The plots above show that there is a difference in the distributions of views per video for small and large creators. This, combined with the large difference in the median views per video for the two populations supports the claim that there is a significant difference in the average viewership of large creators and the average viewership of small creators. This is claim is further supported by a small p-value of 0.06, which though not technically statistically significant helps lend further credibility to the claim that large creators get more views per video than small creators.

# Subscribers vs.
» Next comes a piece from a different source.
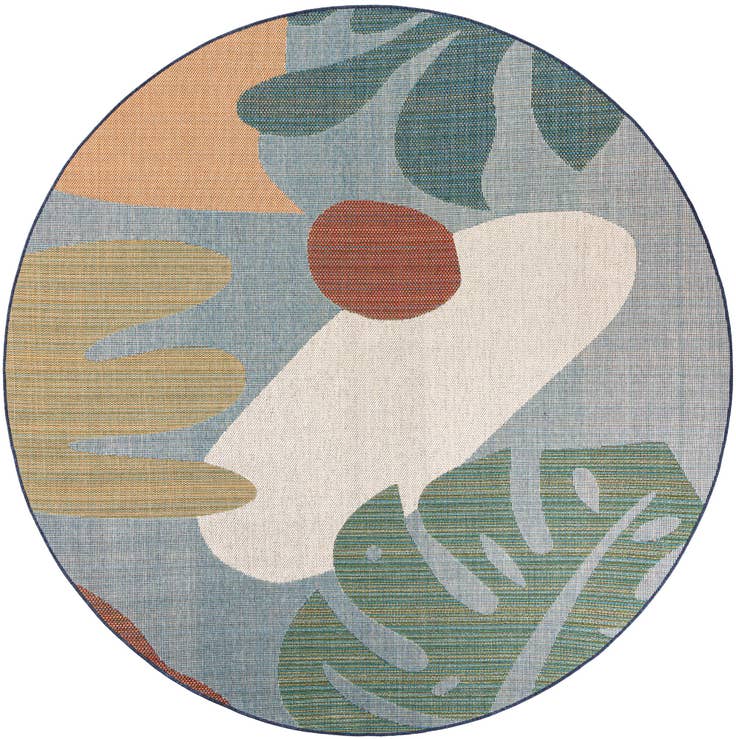 Detail image of 10' x 10' Easy-Clean Baja Indoor / Outdoor Round Rug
Video Count

Is the number of subscribers to a YouTube channel proportional to the number of videos that channel has uploaded? If the two are strongly correlated, then a good strategy to grow a YouTube channel would be to churn out a large quantity of videos. If they are weakly correlated or not correlated, it may not be so important for creators to be putting out a large quantity of videos. Determining whether subscriber count is correlated to total number of videos uploaded can help content creators to formulate a strategy to maximize their channel growth. 

In [None]:
sns.lmplot(data=channels, x="Video Count", y="Subscriber Count")
plt.title("Subscriber Count vs. Number of Videos")
result = stats.pearsonr(x=channels['Video Count'], y=channels["Subscriber Count"])
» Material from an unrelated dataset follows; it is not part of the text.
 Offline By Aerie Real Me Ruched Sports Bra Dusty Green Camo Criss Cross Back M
display(f"Corellation coefficient: {result.statistic}")
display(f"p-value: {result.pvalue}")


The plot above shows that there may be a weak correlation between the total number of videos a channel puts out and its subscriber count. The p-value obtained by a pearson test is 0.19, which says that this result is not statistically significant. This tells us that having more videos does not necessarily correspond to having more subscribers, and as such quantity of videos is not a reliable way to grow a YouTube channel

# Subscribers vs Channel Views


## Analysis Objective
This expanded analysis aims to provide a deeper understanding of the engagement and efficiency of the top YouTube channels by examining their views-to-subscriber ratio, visualizing the distribution of this ratio, identifying the top performers, and exploring the relationship between subscribers and views.
    

In [None]:

import pandas as pd
import matplotlib.pyplot as plt
import seaborn as sns

# Load the dataset
# df = pd.read_csv('./youtube_channels_stats.csv')
df = pd.read_csv('./channel_data.csv')

# Calculate the Views per Subscriber Ratio
df['Views_per_Subscriber'] = df['View Count'] / df['Subscriber Count']
df_sorted = df.sort_values(by='Views_per_Subscriber', ascending=False)

df_sorted.head()


In [None]:

# Plotting the distribution of views-to-subscriber ratios
plt.figure(figsize=(10, 6))
sns.histplot(df['Views_per_Subscriber'], bins=30, kde=True)
plt.title('Distribution of Views to Subscriber Ratio')
plt.xlabel('Views per Subscriber')
plt.ylabel('Frequency')
plt.show()


In [None]:

# Displaying the top 10 channels by Views per Subscriber Ratio
top_10 = df_sorted.head(10)
top_10


In [None]:

# Scatter plot of Subscriber Count vs View Count
plt.figure(figsize=(12, 8))
sns.scatterplot(data=df, x='Subscriber Count', y='View Count', size='Views_per_Subscriber', legend=False, sizes=(20, 200))
plt.title('Subscriber Count vs View Count with Views to Subscriber Ratio')
plt.xlabel('Subscriber Count')
plt.ylabel('View Count')
plt.xscale('log')
plt.yscale('log')
plt.grid(True)
plt.show()



## Conclusion
This extended analysis of YouTube channels reveals significant insights into content efficiency. By examining the views-to-subscriber ratio, we identify channels that successfully grasp the viewer's interest and gain subscribers based on that. The histogram of the ratio distribution highlights the variance in subscribers across channels, while the top 10 channels by this metric showcase those with exceptional performance. Furthermore, the scatter plot reveals the relationship between subscriber count and view count, underlining the diversity in strategies for achieving YouTube success. Overall, the analysis underscores the importance of creating content that resonates with and actively retains viewers and gains subscribers.